Ücretsiz onarım veya hizmetin yeniden görülmesinin seçildiği hâllerde, hizmetin niteliği ve tüketicinin bu hizmetten yararlanma amacı dikkate alındığında, makul sayılabilecek bir süre içinde ve tüketici için ciddi sorunlar doğurmayacak şekilde bu talep sağlayıcı tarafından yerine getirilir. Her hâlükârda bu süre talebin sağlayıcıya yöneltilmesinden itibaren otuz iş gününü geçemez. Aksi takdirde tüketici diğer seçimlik haklarını kullanmakta serbesttir.

 

Ayıplı Malda Zamanaşımı

 

Kanunlarda veya taraflar arasındaki sözleşmede daha uzun bir süre belirlenmediği takdirde, ayıplı maldan sorumluluk, ayıp daha sonra ortaya çıkmış olsa bile, malın tüketiciye teslim tarihinden itibaren iki yıllık zamanaşımına tabidir. Bu süre konut veya tatil amaçlı taşınmaz mallarda taşınmazın teslim tarihinden itibaren beş yıldır.

Bu Kanunun 10 uncu maddesinin üçüncü fıkrası saklı olmak üzere ikinci el satışlarda satıcının ayıplı maldan sorumluluğu bir yıldan, konut veya tatil amaçlı taşınmaz mallarda ise üç yıldan az olamaz.

Ayıp, ağır kusur ya da hile ile gizlenmişse zamanaşımı hükümleri uygulanmaz.

 

Ayıplı Hizmette Zamanaşımı

 

Kanunlarda veya taraflar arasındaki sözleşmede daha uzun bir süre belirlenmediği takdirde, ayıplı hizmetten sorumluluk, ayıp daha sonra ortaya çıkmış olsa bile, hizmetin ifası tarihinden itibaren iki yıllık zamanaşımına tabidir.
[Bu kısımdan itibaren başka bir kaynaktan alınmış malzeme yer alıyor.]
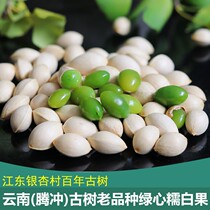 Yunnan specialty fresh ginkgo fruit Ginkgo Village Jiangdong ancient tree waxy fragrant green heart ginkgo non-roasted nuts and dried fruits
Ayıp, ağır kusur ya da hile ile gizlenmişse zamanaşımı hükümleri uygulanmaz.

 

Görevli ve Yetkili Mahkeme

 

                Tüketici ve satıcı arasında yaşanan hukuki ihtilafların ardından ayıplı mal davası açılması durumunda malın değerine göre yetkili mahkeme değişiklik göstermektedir. Kanunda her yıl yenilenen miktarların altında bulunan uyuşmazlıklarda ya İlçe Tüketici Hakem Heyetlerine, ya da İl Tüketici Hakem Heyetlerine başvuru zorunludur. Belirlenen miktarın üzerinde olan uyuşmazlıklarda görevli mahkeme Tüketici Mahkemeleridir. 

Tüketici hakem Heyetine yapılacak başvurularda; tüketicinin yerleşim yerinin bulunduğu veya tüketici işleminin yapıldığı yerdeki tüketici hakem heyetine yapılabilir. Tüketici hakem heyetinin bulunmadığı yerlerde ise başvuruların nerelere yapılacağı ve bu başvuruların hangi tüketici hakem heyetince karara bağlanacağı yönetmelikle belirlenir.

Tüketici davaları ise genel yetkili mahkemelerin yanı sıra, tüketicinin yerleşim yerinin bulunduğu yerdeki tüketici mahkemesinde de açılabilir. Genel yetkili mahkemeler ise davalı gerçek veya tüzel kişinin davanın açıldığı tarihteki yerleşim yeri mahkemesidir.